Abstract
Oncology practice increasingly requires the use of molecular profiling of tumors to inform the use of targeted therapeutics. However, many oncologists use third-party laboratories to perform tumor genomic testing, and these laboratories may not have electronic interfaces with the provider’s electronic medical record (EMR) system. The resultant reporting mechanisms, such as plain-paper faxing, can reduce report fidelity, slow down reporting procedures for a physician’s practice, and make reports less accessible. Vanderbilt University Medical Center and its genomic laboratory testing partner have collaborated to create an automated electronic reporting system that incorporates genetic testing results directly into the clinical EMR. This system was iteratively tested, and causes of failure were discovered and addressed. Most errors were attributable to data entry or typographical errors that made reports unable to be linked to the correct patient in the EMR. By providing direct feedback to providers, we were able to significantly decrease the rate of transmission errors (from 6.29% to 3.84%; P < .001). The results and lessons of 1 year of using the system and transmitting 832 tumor genomic testing reports are reported.
INTRODUCTION
Molecular profiling of tumors is becoming the standard of care in an increasing number of cancer types to inform the practice of precision medicine.1,2 However, the implementation of somatic gene testing into clinical practice can be difficult because the results of such testing can be reported asynchronously and separately from other pathology information.3-5 In addition, tumors are often tested at laboratory facilities that are not integrated with oncologists’ offices and their electronic medical records (EMRs).
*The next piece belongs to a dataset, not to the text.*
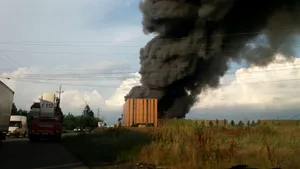 INCENDIU la Baloteşti | Intervenţie de peste 14 ore: Focul ce s-a întins pe 10.000 mp nu a fost stins/ Depozitele nu aveau autorizaţie ISU/ Incendiul nu a produs o poluare semnificativă în zonă - FOTO/VIDEO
This disconnect can create challenges in reporting important genetic information from the laboratory to the treating oncologist.6
Oncologists at Vanderbilt University Medical Center (VUMC) have partnered with Foundation Medicine Incorporated (FMI, Cambridge, MA), a provider of tumor exome sequencing, to analyze patients’ tumors for genetic variants that may inform clinical decision making.7 This collaboration, like most with third-party laboratories, has relied on the use of faxed documents to report test results. Although faxing has been the standard for third-party laboratory reporting for decades, the use of black and white faxes with subsequent paper copies that are scanned into an EMR leads to a process that requires many manual steps and results in a loss of color information and poor readability in the EMR8 (Appendix Fig A1, online only). This lack of information interoperability has been cited as a target for improving the practice of precision medicine.9 At VUMC, an assessment of faxed molecular profile reports demonstrated poor information fidelity and lack of provider notification; these issues prevented optimal utility of molecular profiling. We hypothesized that automated electronic reporting from FMI directly into the VUMC EMR could be feasibly implemented and could enable provider notification. We describe the design, evaluation, and implementation over 1 year of using this system.
METHODS
The initial evaluation of somatic gene testing at VUMC was to perform a lean-based assessment with a modified value-stream mapping of ordering tests and reporting workflow.10 To address the shortcomings identified in this assessment, we defined a document structure and a data transfer protocol for electronic laboratory reporting. Through an iterative design and testing process that used lean methodology, a postprocessed laboratory report was packaged into a standardized extensible markup language (XML) document that included demographics, ordering information, and the FMI-designated actionable variants that recapitulate the first page of the paper report. A full-color portable document format (PDF) report was attached to the XML file. By using multiple layers of security, these results were transmitted nightly from FMI to VUMC servers. The files were parsed, matched, and incorporated into VUMC patients’ medical records. Provider information was matched to trigger existing notification methods.11 A log of all transmissions and any detected errors was maintained to evaluate the process. Differences in error rates were compared by using the χ2 test. Because of its quality improvement nature, this work was determined to be unrelated to human subjects (VUMC Institutional Review Board #140813).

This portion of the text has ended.